BRIEF
Copy each record below without changing a single word.

SUPPLIED DATA
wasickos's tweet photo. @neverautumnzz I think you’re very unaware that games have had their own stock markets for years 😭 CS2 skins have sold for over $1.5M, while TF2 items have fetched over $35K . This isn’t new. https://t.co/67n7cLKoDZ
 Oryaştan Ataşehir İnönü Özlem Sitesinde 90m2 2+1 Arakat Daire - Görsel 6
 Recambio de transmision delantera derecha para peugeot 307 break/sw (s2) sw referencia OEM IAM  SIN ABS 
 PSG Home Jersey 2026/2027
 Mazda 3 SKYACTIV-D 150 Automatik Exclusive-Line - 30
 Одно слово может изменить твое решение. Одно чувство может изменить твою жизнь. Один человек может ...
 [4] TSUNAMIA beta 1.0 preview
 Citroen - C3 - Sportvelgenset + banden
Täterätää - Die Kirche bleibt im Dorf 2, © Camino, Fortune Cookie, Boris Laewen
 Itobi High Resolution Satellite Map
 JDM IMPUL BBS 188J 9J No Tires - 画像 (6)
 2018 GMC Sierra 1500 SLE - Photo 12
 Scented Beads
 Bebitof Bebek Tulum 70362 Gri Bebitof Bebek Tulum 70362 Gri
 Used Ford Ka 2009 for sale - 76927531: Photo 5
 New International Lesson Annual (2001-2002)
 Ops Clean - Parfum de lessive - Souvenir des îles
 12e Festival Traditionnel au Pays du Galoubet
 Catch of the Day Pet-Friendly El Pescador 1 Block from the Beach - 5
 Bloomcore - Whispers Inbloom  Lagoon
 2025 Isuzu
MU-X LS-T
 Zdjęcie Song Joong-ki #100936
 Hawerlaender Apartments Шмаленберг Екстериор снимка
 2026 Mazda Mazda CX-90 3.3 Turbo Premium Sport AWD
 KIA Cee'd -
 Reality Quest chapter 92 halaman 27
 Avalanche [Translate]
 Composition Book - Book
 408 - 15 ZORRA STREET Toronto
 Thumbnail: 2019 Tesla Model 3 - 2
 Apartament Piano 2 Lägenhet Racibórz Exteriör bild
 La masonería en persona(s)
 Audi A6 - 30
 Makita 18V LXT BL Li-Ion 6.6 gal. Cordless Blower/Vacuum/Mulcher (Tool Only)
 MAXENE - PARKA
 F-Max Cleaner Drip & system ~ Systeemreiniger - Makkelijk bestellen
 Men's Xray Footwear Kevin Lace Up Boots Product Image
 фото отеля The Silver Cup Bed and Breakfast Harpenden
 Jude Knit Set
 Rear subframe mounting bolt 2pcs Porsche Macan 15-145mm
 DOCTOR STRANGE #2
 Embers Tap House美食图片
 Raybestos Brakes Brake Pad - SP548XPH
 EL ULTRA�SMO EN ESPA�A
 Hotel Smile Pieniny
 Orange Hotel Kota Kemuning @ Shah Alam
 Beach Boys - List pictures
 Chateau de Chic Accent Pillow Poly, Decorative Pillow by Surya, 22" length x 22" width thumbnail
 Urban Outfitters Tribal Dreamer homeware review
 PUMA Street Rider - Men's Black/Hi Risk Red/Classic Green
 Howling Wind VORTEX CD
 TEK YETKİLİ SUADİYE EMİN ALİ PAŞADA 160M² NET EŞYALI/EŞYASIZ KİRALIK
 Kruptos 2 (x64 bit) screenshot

OUTPUT OF THE TASK
wasickos's tweet photo. @neverautumnzz I think you’re very unaware that games have had their own stock markets for years 😭 CS2 skins have sold for over $1.5M, while TF2 items have fetched over $35K . This isn’t new. https://t.co/67n7cLKoDZ
 Oryaştan Ataşehir İnönü Özlem Sitesinde 90m2 2+1 Arakat Daire - Görsel 6
 Recambio de transmision delantera derecha para peugeot 307 break/sw (s2) sw referencia OEM IAM  SIN ABS 
 PSG Home Jersey 2026/2027
 Mazda 3 SKYACTIV-D 150 Automatik Exclusive-Line - 30
 Одно слово может изменить твое решение. Одно чувство может изменить твою жизнь. Один человек может ...
 [4] TSUNAMIA beta 1.0 preview
 Citroen - C3 - Sportvelgenset + banden
Täterätää - Die Kirche bleibt im Dorf 2, © Camino, Fortune Cookie, Boris Laewen
 Itobi High Resolution Satellite Map
 JDM IMPUL BBS 188J 9J No Tires - 画像 (6)
 2018 GMC Sierra 1500 SLE - Photo 12
 Scented Beads
 Bebitof Bebek Tulum 70362 Gri Bebitof Bebek Tulum 70362 Gri
 Used Ford Ka 2009 for sale - 76927531: Photo 5
 New International Lesson Annual (2001-2002)
 Ops Clean - Parfum de lessive - Souvenir des îles
 12e Festival Traditionnel au Pays du Galoubet
 Catch of the Day Pet-Friendly El Pescador 1 Block from the Beach - 5
 Bloomcore - Whispers Inbloom  Lagoon
 2025 Isuzu
MU-X LS-T
 Zdjęcie Song Joong-ki #100936
 Hawerlaender Apartments Шмаленберг Екстериор снимка
 2026 Mazda Mazda CX-90 3.3 Turbo Premium Sport AWD
 KIA Cee'd -
 Reality Quest chapter 92 halaman 27
 Avalanche [Translate]
 Composition Book - Book
 408 - 15 ZORRA STREET Toronto
 Thumbnail: 2019 Tesla Model 3 - 2
 Apartament Piano 2 Lägenhet Racibórz Exteriör bild
 La masonería en persona(s)
 Audi A6 - 30
 Makita 18V LXT BL Li-Ion 6.6 gal. Cordless Blower/Vacuum/Mulcher (Tool Only)
 MAXENE - PARKA
 F-Max Cleaner Drip & system ~ Systeemreiniger - Makkelijk bestellen
 Men's Xray Footwear Kevin Lace Up Boots Product Image
 фото отеля The Silver Cup Bed and Breakfast Harpenden
 Jude Knit Set
 Rear subframe mounting bolt 2pcs Porsche Macan 15-145mm
 DOCTOR STRANGE #2
 Embers Tap House美食图片
 Raybestos Brakes Brake Pad - SP548XPH
 EL ULTRA�SMO EN ESPA�A
 Hotel Smile Pieniny
 Orange Hotel Kota Kemuning @ Shah Alam
 Beach Boys - List pictures
 Chateau de Chic Accent Pillow Poly, Decorative Pillow by Surya, 22" length x 22" width thumbnail
 Urban Outfitters Tribal Dreamer homeware review
 PUMA Street Rider - Men's Black/Hi Risk Red/Classic Green
 Howling Wind VORTEX CD
 TEK YETKİLİ SUADİYE EMİN ALİ PAŞADA 160M² NET EŞYALI/EŞYASIZ KİRALIK
 Kruptos 2 (x64 bit) screenshot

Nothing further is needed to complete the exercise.